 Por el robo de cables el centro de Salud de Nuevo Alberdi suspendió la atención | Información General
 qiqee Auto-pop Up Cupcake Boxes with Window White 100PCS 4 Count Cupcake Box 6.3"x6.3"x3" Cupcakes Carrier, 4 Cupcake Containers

==

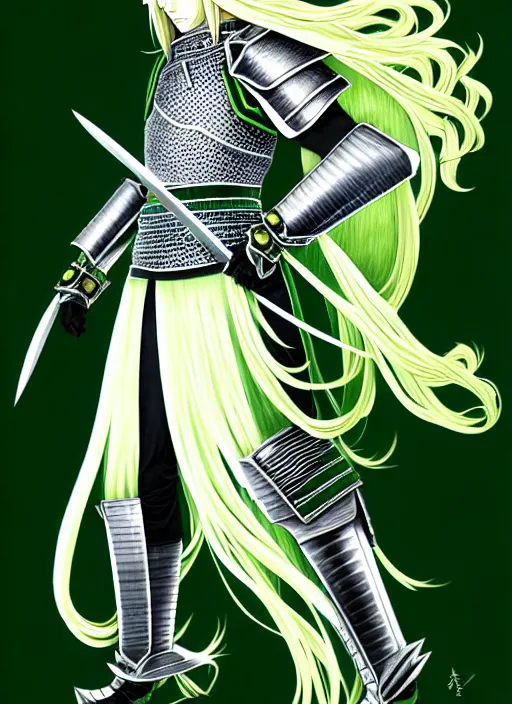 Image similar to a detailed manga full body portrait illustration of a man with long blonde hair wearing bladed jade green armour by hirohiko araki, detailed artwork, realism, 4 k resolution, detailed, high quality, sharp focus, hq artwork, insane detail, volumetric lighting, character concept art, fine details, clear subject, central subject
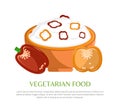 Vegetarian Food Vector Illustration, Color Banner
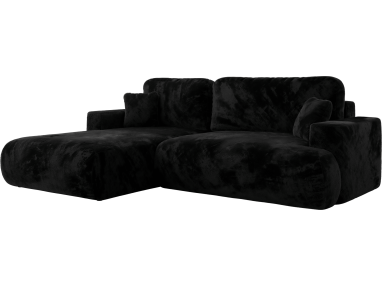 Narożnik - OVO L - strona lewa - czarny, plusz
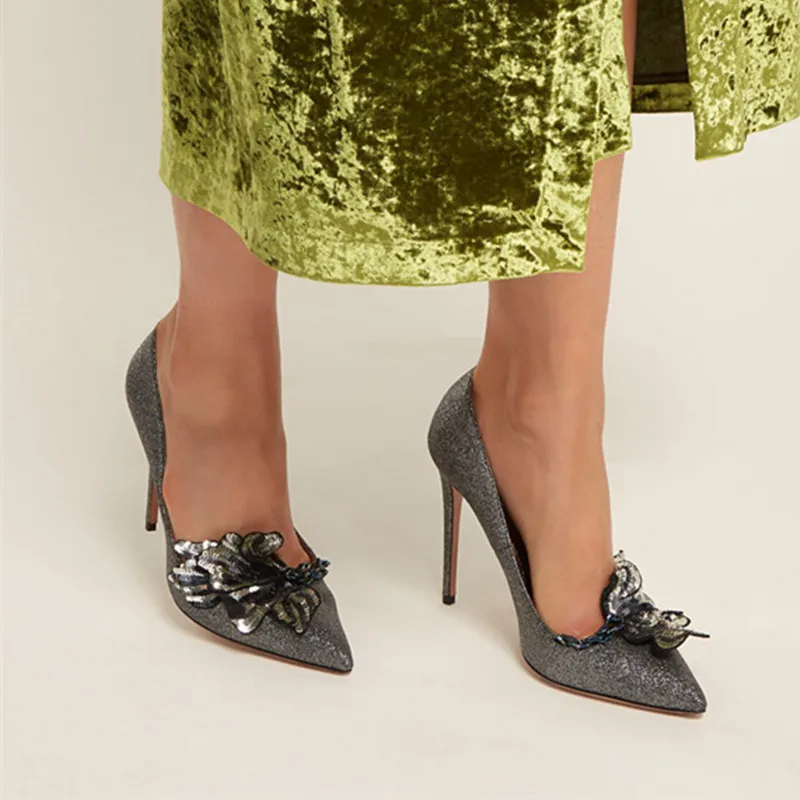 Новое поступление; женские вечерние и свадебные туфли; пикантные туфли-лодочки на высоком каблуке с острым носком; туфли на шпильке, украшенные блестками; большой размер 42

Exercise objective:
Give again, word for word, every line of the listing above from the one with "Por el robo" to the one with "qiqee Auto-pop Up", both inclusive, and nothing beyond them.

Answer:
 Por el robo de cables el centro de Salud de Nuevo Alberdi suspendió la atención | Información General
 qiqee Auto-pop Up Cupcake Boxes with Window White 100PCS 4 Count Cupcake Box 6.3"x6.3"x3" Cupcakes Carrier, 4 Cupcake Containers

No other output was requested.